The punishment meted out by Singapore to banks as part of its ongoing investigation into the 1MDB scandal looks to have achieved little success in meeting the first aim. It has done better in hitting the second goal, but largely missed the third.

Start with the first objective. A S$1 million ($725,000) fine on homegrown DBS and a S$1.3 million penalty on UBS elicited just the kind of contrition one can expect from organizations brimming with talented public relations professionals. UBS said it was “disappointed” it didn’t do more to detect and report suspicious transactions earlier; DBS said it should have taken more “rigorous action.” Both have promised to go after miscreant bankers, and forgo profit from their lapses. UBS would support industry-wide anti-money-laundering initiatives, while DBS would donate to a worthy cause.
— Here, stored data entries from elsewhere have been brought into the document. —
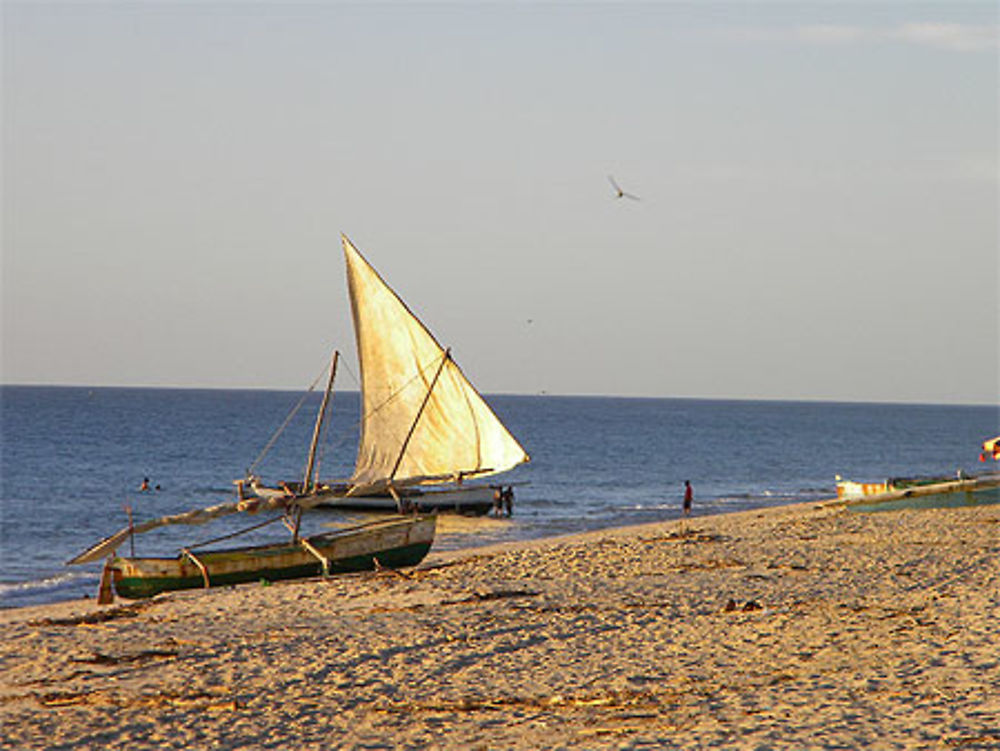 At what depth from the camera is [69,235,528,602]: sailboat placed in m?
25.4

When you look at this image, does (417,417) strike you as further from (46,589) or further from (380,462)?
(46,589)

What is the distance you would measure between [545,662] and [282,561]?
38.9ft

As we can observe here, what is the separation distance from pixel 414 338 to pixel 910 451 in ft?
398

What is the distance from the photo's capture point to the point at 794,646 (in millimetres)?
15492

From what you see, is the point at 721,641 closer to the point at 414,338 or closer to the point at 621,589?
the point at 621,589

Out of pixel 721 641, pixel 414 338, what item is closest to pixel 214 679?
pixel 721 641

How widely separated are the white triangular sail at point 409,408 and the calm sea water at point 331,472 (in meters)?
8.86

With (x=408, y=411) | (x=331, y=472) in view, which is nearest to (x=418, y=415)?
(x=408, y=411)

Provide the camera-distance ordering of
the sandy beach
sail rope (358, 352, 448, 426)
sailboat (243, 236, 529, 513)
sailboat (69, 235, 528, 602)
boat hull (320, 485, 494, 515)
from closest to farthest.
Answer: the sandy beach, sailboat (69, 235, 528, 602), sailboat (243, 236, 529, 513), sail rope (358, 352, 448, 426), boat hull (320, 485, 494, 515)

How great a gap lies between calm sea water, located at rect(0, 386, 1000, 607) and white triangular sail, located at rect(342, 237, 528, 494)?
29.1 ft

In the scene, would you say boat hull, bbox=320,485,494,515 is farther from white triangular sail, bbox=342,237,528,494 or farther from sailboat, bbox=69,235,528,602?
sailboat, bbox=69,235,528,602

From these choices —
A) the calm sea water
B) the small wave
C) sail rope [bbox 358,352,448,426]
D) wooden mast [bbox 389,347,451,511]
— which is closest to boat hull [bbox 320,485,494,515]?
the calm sea water

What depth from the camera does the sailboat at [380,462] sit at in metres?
25.4

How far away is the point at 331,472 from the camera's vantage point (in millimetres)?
106500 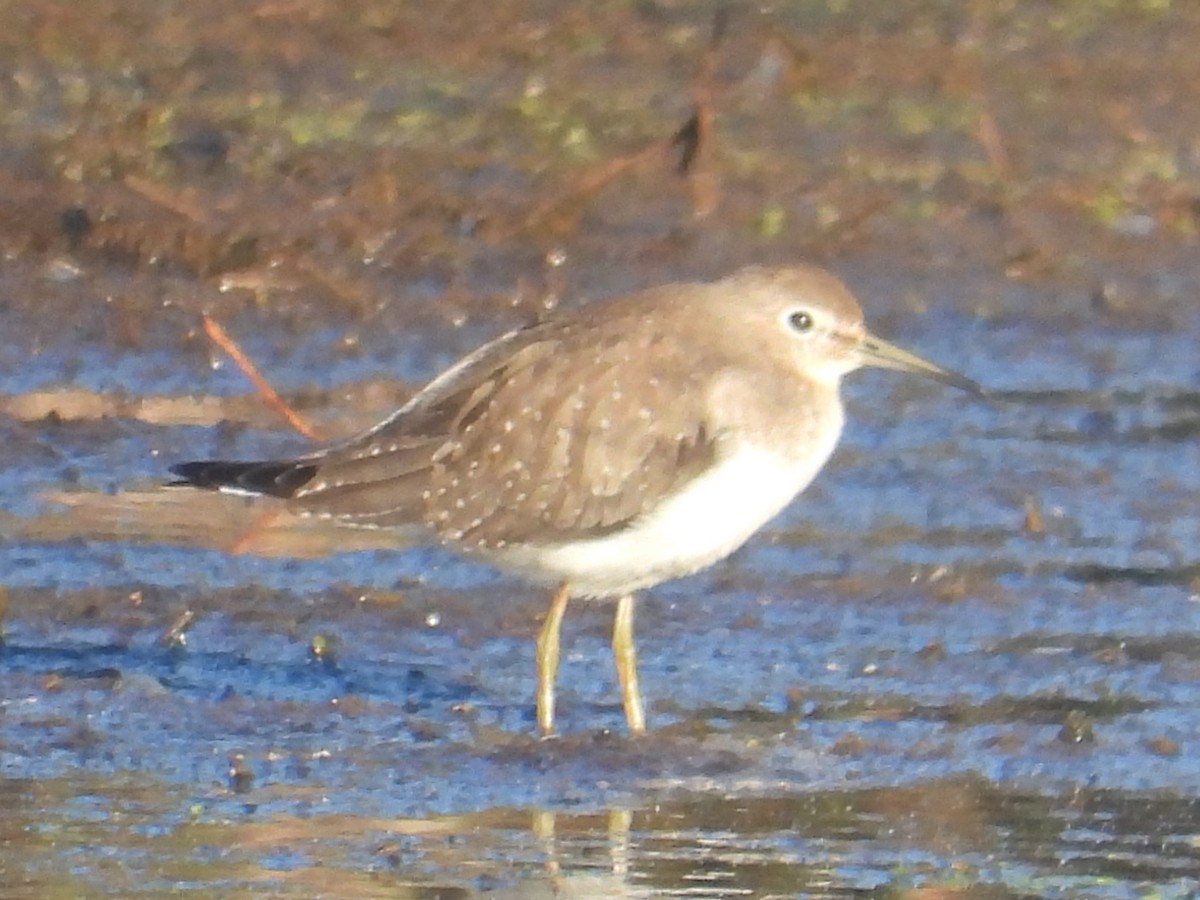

These are all fine words, but peering through them is a palpable sense of relief. While nobody quite expected pragmatic Singapore to score an own goal by aggressively punishing shareholders of lending institutions for egregious behavior by their executives, the fines appear way too small in a city where being in possession of chips outside of a casino attracts a S$150,000 penalty.

Crime and Punishment

The fine of S$1 Million on DBS is equivalent to six people being caught in Singapore with chips outside casinos or 500 litterbugs being given the maximum penalty for first-time offenses

Falcon offers a case study. The Zurich-based institution joined BSI as the second Swiss private bank to get booted out of Singapore in connection with 1MDB, the Malaysian state investment firm alleged to have been looted of billions of dollars that were then laundered in multiple countries. Falcon was fined S$300,000 by the Monetary Authority of Singapore following a 2013 inspection that uncovered breaches of the central bank’s anti-money-laundering requirements. When the regulator probed the bank again in 2015, it found “an even larger number of regulatory breaches as well as serious failings” on the part of Swiss-based senior management and the Singapore branch manager, the MAS said on Tuesday.

If a S$300,000 fine leads to more bad behavior, then skeptics could argue that a few million dollars also fails to set an example, which is the second goal of any punishment. But in this case, they’d be wrong. The real stick in the central bank’s statement on Tuesday lies not in the quantum of the fine, but in its revelation that Falcon’s Singapore branch manager was arrested last week by the Commercial Affairs Department. Add that to charges filed on Monday against two former employees of BSI, and it’s safe to assume that MAS Notice 626 and 1014 on money laundering are now being read by more people in banks than just compliance officers.

Bankers are on notice. But where the MAS stick may have come up short is in sending a message to society that courtiers to the rich and the powerful won’t get off lightly. After all, there’s no reason why the integrity of the city’s financial system should matter any less than the reliability of its subway network. Considering that Singapore’s transport regulator slapped a S$5.4 million penalty on train operator SMRT for one day of service disruption last year, maybe it’s time for the MAS to ask for powers to inflict bigger pecuniary damages on those who don’t play by its rules.

At the very least, the fine should lead to some uncomfortable investor questions for CEOs at annual general meetings. Writing a check for less than what it costs to buy a decent apartment in Singapore isn’t much of a punishment.